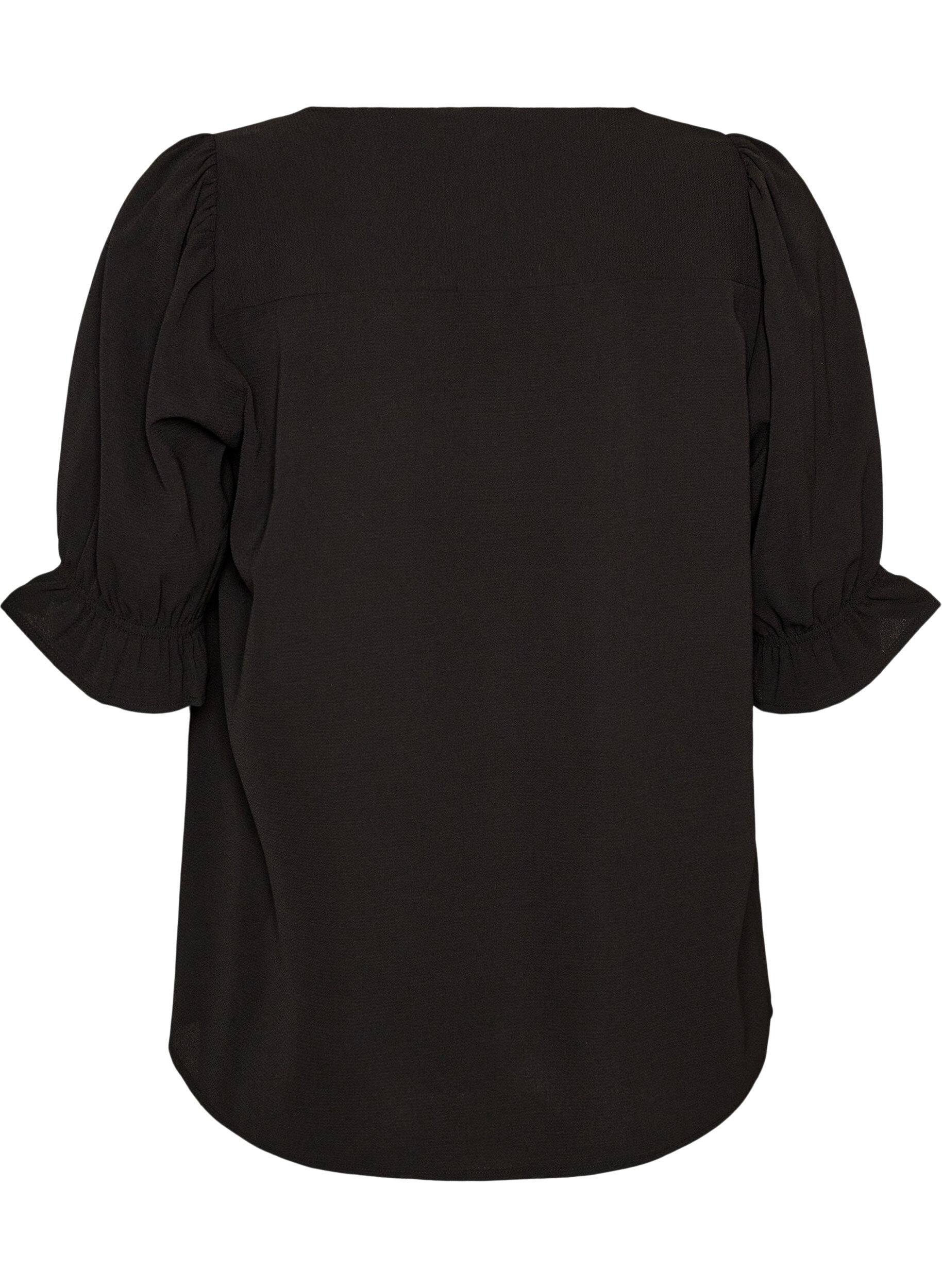 ZizziShirtblouse met 1/2 mouwen, Zwart, Packshot image number 1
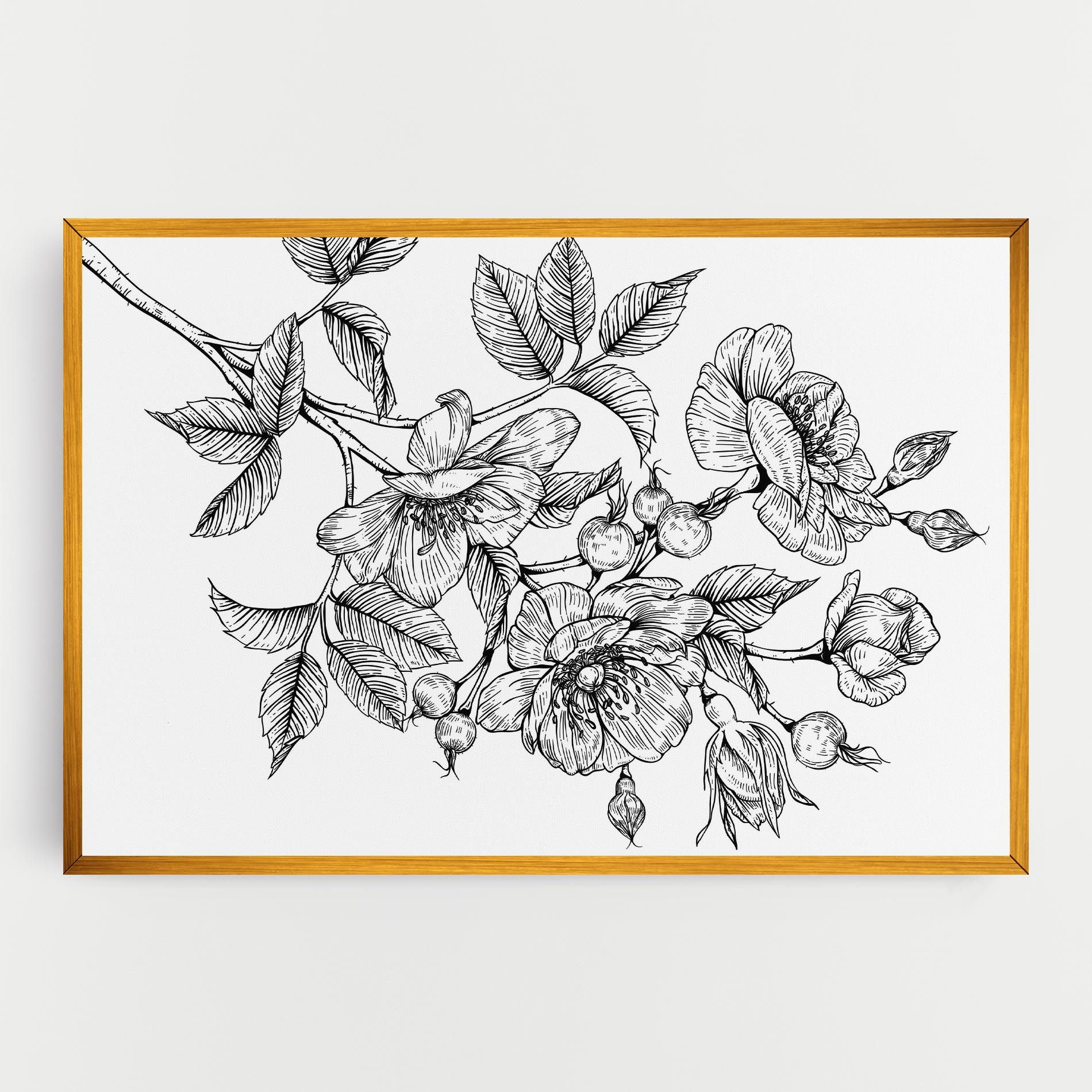 Rose Black Line mockup 0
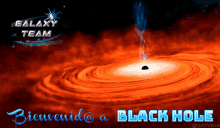 galaxy team black hole universe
- - - - - - -
• [Work required]: The data must come back word for word, with every picture removed.

• [Reply to the exercise]:
 ZizziShirtblouse met 1/2 mouwen, Zwart, Packshot image number 1
 Rose Black Line mockup 0
 galaxy team black hole universe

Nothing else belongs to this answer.